Re: [PATCH v1 3/7] mm: rename and move page_is_poisoned()

From: Michal Hocko
Date: Thu May 06 2021 - 04:14:01 EST


On Thu 06-05-21 15:28:05, Aili Yao wrote:
> On Thu, 6 May 2021 09:06:14 +0200
> Michal Hocko <mhocko@xxxxxxxx> wrote:
>
> > On Thu 06-05-21 08:56:11, Aili Yao wrote:
> > > On Wed, 5 May 2021 15:27:39 +0200
> > > Michal Hocko <mhocko@xxxxxxxx> wrote:
[...]
> > > > I am not sure I follow. My point is that I fail to see any added value
> > > > of the check as it doesn't prevent the race (it fundamentally cannot as
> > > > the page can be poisoned at any time) but the failure path doesn't
> > > > put_page which is incorrect even for hwpoison pages.
> > >
> > > Sorry, I have something to say:
> > >
> > > I have noticed the ref count leak in the previous topic ,but I don't think
> > > it's a really matter.

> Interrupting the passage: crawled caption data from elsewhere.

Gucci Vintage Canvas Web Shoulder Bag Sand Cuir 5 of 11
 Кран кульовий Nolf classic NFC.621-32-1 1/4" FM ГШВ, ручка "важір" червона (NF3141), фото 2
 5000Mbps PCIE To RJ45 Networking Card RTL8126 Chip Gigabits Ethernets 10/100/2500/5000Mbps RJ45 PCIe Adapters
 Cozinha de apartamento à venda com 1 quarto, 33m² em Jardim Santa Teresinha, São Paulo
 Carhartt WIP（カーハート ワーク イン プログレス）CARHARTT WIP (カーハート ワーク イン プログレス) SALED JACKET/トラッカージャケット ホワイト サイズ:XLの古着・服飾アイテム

For memory recovery case for user pages, we will keep one
> > > reference to the poison page so the error page will not be freed to buddy allocator.
> > > which can be checked in memory_faulure() function.
> >
> > So what would happen if those pages are hwpoisoned from userspace rather
> > than by HW. And repeatedly so?
>
> Sorry, I may be not totally understand what you mean.
>
> Do you mean hard page offline from mcelog?

No I mean soft hwpoison from userspace (e.g. by MADV_HWPOISON but there
are other interfaces AFAIK).

And just to be explicit. All those interfaces are root only
(CAP_SYS_ADMIN) so I am not really worried about any malitious abuse of
the reference leak. I am mostly concerned that this is obviously broken
without a good reason. The most trivial fix would have been to put_page
in the return path but as I've mentioned in other email thread the fix
really needs a deeper thought and consider other things.

Hope that clarifies this some more.
--
Michal Hocko
SUSE Labs